|
|
|
|
|
by vegabook
732 days ago
|
|
Summary: AMD works if you spend 500m USD+ with them. Then they'll throw an army of their own software engineers into the contract who will hold your hand every step of the way, and remove all the jank for you. By contrast, since at least 10 years ago, I could buy any GTX card and CUDA worked out of the box, and that applied right down to a $99 Jetson Nano. AMD's strategy looks a lot like IBM's mainframe strategy of the 80s. And that didn't go well. |
|
The customers at the national labs are not going to be sharing custom HPC code with AMD engineers, if for no other reason than security clearances. Nuclear stockpile modeling code, or materials science simulations are not being shared with some SWE at AMD. AMD is not “removing jank”, for these customers. It’s that these customers don’t need a modern DL stack.
Let’s not pretend like CUDA works/has always worked out of the box. There’s forced obsolescence (“CUDA compute capability”).
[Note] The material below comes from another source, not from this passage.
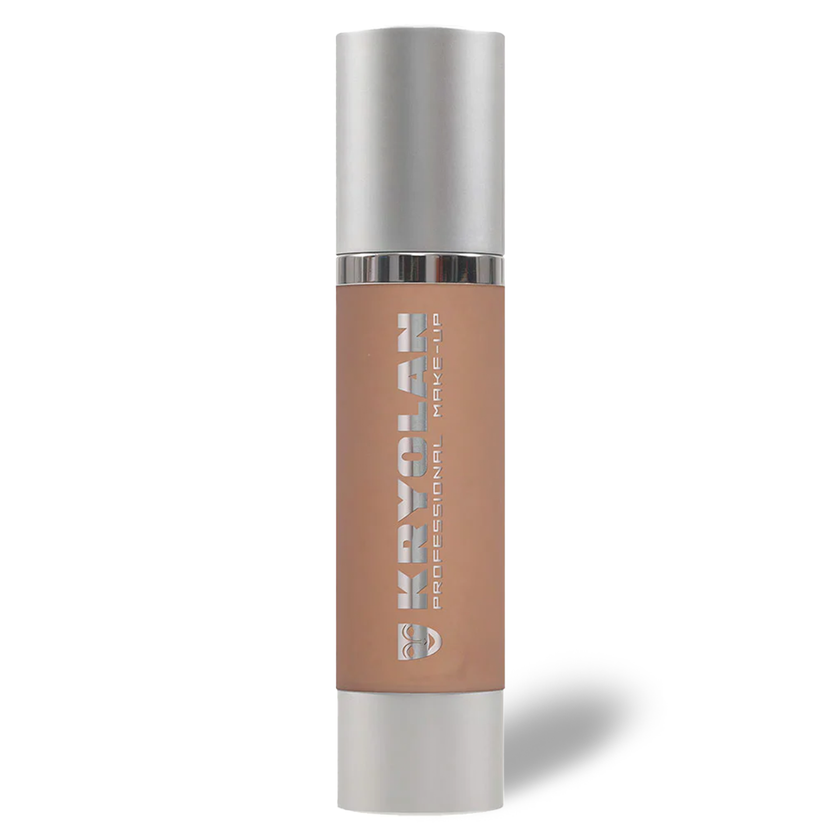 Shimmering Event Foundation - Kryolan - The Make Up Center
CUDA didn’t even have backwards compatibility for minor releases (.1,.2, etc.) until version 11.0. The distinction between CUDA, CUDA toolkit, CUDNN, and the actual driver is still inscrutable to many new devs (see the common questions asked on r/localLlama and r/StableDiffusion).
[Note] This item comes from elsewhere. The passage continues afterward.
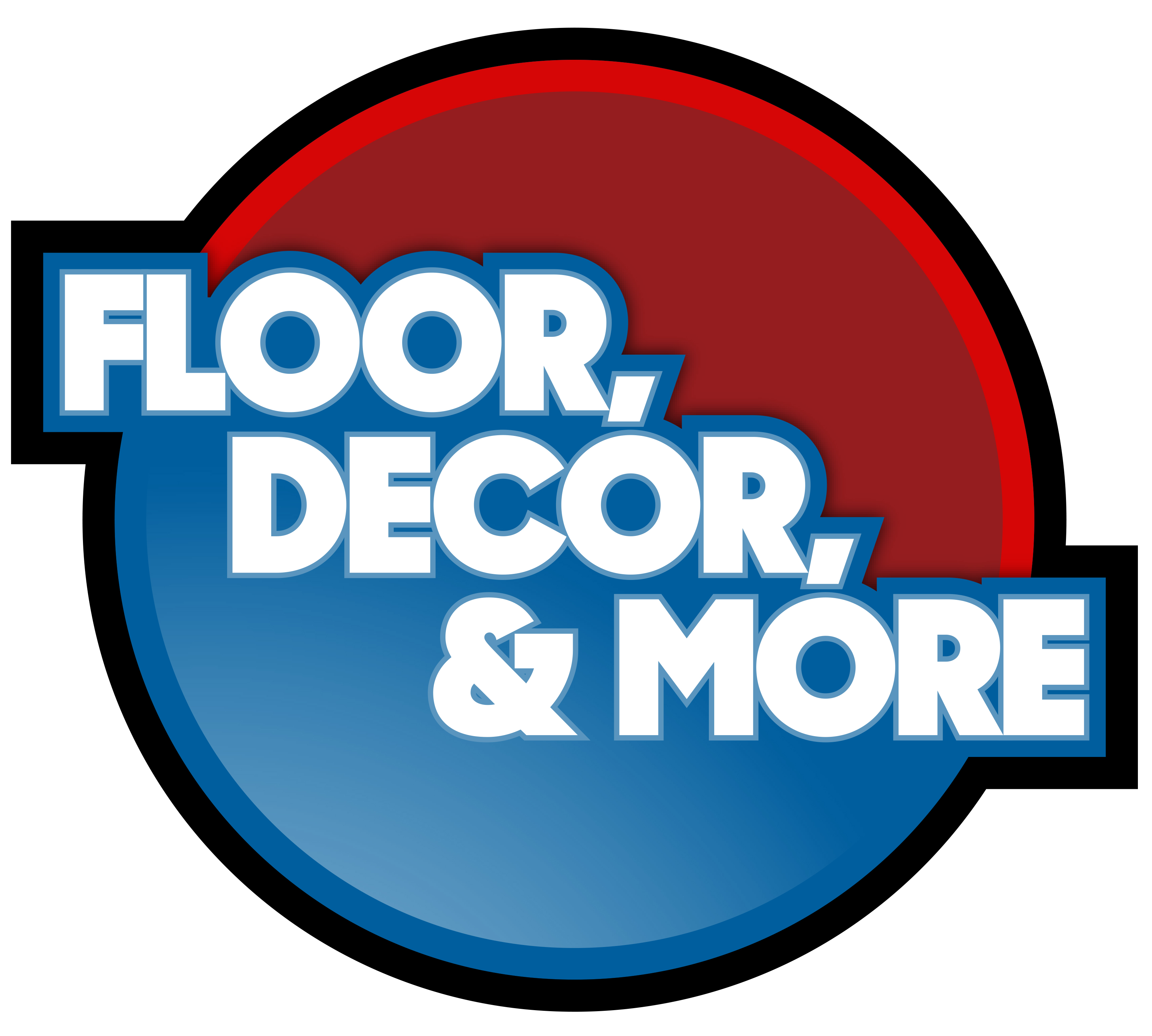 Floor Decor and More Logo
Directionally, AMD is trending away from your mainframe analogy.
The first consumer cards got official ROCm support in 5.0. And you have been able to run real DL workloads on budget laptop cards since 5.4 (I’ve done so personally). Developer support is improving (arguably too slowly), but it’s improving. Hugging Face, Cohere, MLIR, Lamini, PyTorch, TensorFlow, DataBricks, etc all now have first party support for ROCm.